- [DIRECTIONS]:
Restate the lines exactly, starting at the line that contains "Aquaponics Fish &" and finishing with the final line of the records.

++++ SUPPLIED DATA

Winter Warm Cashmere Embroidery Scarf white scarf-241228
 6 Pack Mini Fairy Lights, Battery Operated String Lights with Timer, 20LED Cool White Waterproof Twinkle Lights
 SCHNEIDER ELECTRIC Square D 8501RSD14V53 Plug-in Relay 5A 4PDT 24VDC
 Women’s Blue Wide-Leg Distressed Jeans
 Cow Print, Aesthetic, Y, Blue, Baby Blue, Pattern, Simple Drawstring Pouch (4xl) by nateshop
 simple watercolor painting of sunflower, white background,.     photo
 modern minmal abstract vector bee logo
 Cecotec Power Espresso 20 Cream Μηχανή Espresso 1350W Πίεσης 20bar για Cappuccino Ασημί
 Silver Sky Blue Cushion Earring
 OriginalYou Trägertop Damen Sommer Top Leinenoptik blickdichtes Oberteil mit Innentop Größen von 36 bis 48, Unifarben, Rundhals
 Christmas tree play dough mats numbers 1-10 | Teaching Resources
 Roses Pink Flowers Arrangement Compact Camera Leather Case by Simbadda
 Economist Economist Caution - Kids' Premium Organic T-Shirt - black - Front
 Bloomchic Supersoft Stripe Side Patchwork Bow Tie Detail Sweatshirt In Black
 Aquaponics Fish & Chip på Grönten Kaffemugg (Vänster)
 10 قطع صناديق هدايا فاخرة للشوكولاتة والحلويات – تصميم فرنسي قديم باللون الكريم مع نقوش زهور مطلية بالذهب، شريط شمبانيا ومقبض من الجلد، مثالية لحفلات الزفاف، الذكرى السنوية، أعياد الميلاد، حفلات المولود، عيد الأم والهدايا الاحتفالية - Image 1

++++++++

- [TASK OUTPUT]:
 Aquaponics Fish & Chip på Grönten Kaffemugg (Vänster)
 10 قطع صناديق هدايا فاخرة للشوكولاتة والحلويات – تصميم فرنسي قديم باللون الكريم مع نقوش زهور مطلية بالذهب، شريط شمبانيا ومقبض من الجلد، مثالية لحفلات الزفاف، الذكرى السنوية، أعياد الميلاد، حفلات المولود، عيد الأم والهدايا الاحتفالية - Image 1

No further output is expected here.